La demanda de un grupo de medioambientalistas de la India podría desplazar a millones de adivasi de sus tierras ancestrales, que están dentro de un santuario.

Por Paul Salopek
fotografías de Paul Salopek
Publicado 16 may 2019, 17:31 CEST
Cordillera de Kaimur
Un valle sin carreteras al pie de la cordillera de Kaimur, en el estado indio de Uttar Pradesh, forma parte de una región que alberga a los indígenas adivasi, marginados y desplazados de un cercano santuario de fauna silvestre.
Fotografía de Paul Salopek
Out of Eden Walk es una odisea narrativa por el mundo que sigue las huellas de nuestros ancestros humanos del escritor y National Geographic Fellow Paul Salopek. Este es su último reportaje desde la India.

Recorremos el norte de la India. Es un cosmos de aldeas. ¿Cuántas aldeas?
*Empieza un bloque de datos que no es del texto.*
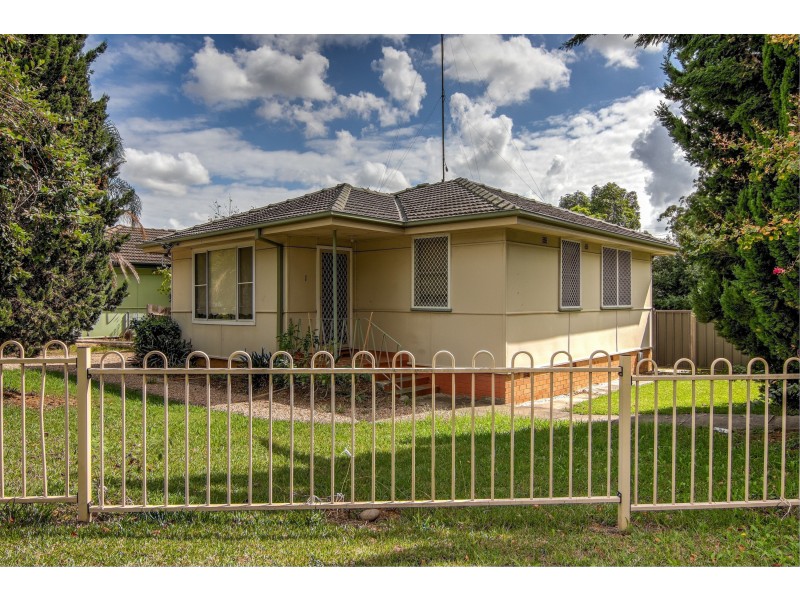 1 Fisher Avenue, South Penrith NSW 2750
Según el último censo, hay exactamente 649.481 comunidades rurales, aldeas y burgos salpicadas por la India. Albergan a dos tercios de los 1.300 millones de habitantes del país. Día tras día, semana tras semana, durante más de un año, hemos atravesado estos asentamientos a pie, puestos avanzados de la humanidad tan numerosos que se apiñan y se distinguen uno tras otro. Entonces, en un rincón remoto de Uttar Pradesh, encontramos un espacio abierto. Una rara tierra salvaje. El santuario de fauna silvestre de Chandraprabha.

Los adivasi de Uttar Pradesh, como algunos de los 100 millones de personas indígenas de la India, son portadores de marcadores genéticos que datan de la colonización de Asia de la Edad de Piedra.
Fotografía de Paul Salopek

Los campos de trigo y arroz se desvanecen. Las carreteras se marchitan y se convierten en senderos polvorientos. Hemos atravesado la abultada cordillera de Kaimur y pasado al bosque seco. Las espinas nos rompen la ropa. Vemos nilgós, antílopes del tamaño de vacas que tienen el hermoso color azul grisáceo del humo de las hogueras. Y después, más adelante, cerca del cuartel general del parque, nos topamos con un fornido guarda forestal. Bloquea el camino. No a nosotros, sino a un grupo de hombres y mujeres bajos, delgados y alerta que sostienen ollas sobre sus cabezas. Aldeanos locales. Han venido a hacer un picnic junto a un río. Han entrado al santuario sin permiso.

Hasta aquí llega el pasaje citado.